• Dataset content
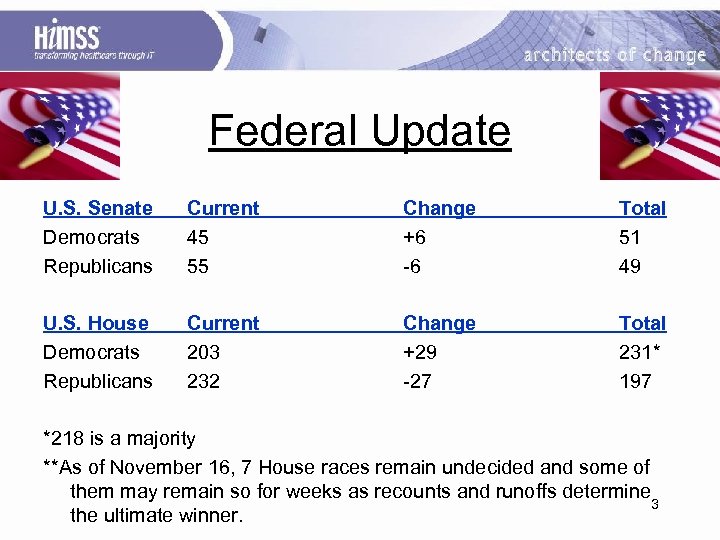 Federal Update U. S. Senate Democrats Republicans Current 45 55 Change +6 -6 Total
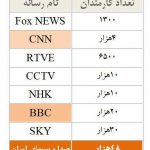 مقایسه تعداد کارمندان صدا و سیما با بی بی سی و …+عکس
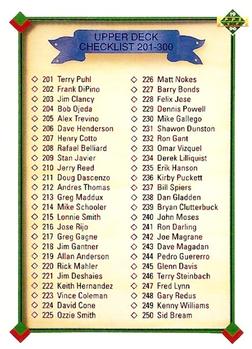 Checklist: 201-300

• Task item
Everything but the pictures is needed: copy the data above exactly.

• The completed task
 Federal Update U. S. Senate Democrats Republicans Current 45 55 Change +6 -6 Total
 مقایسه تعداد کارمندان صدا و سیما با بی بی سی و …+عکس
 Checklist: 201-300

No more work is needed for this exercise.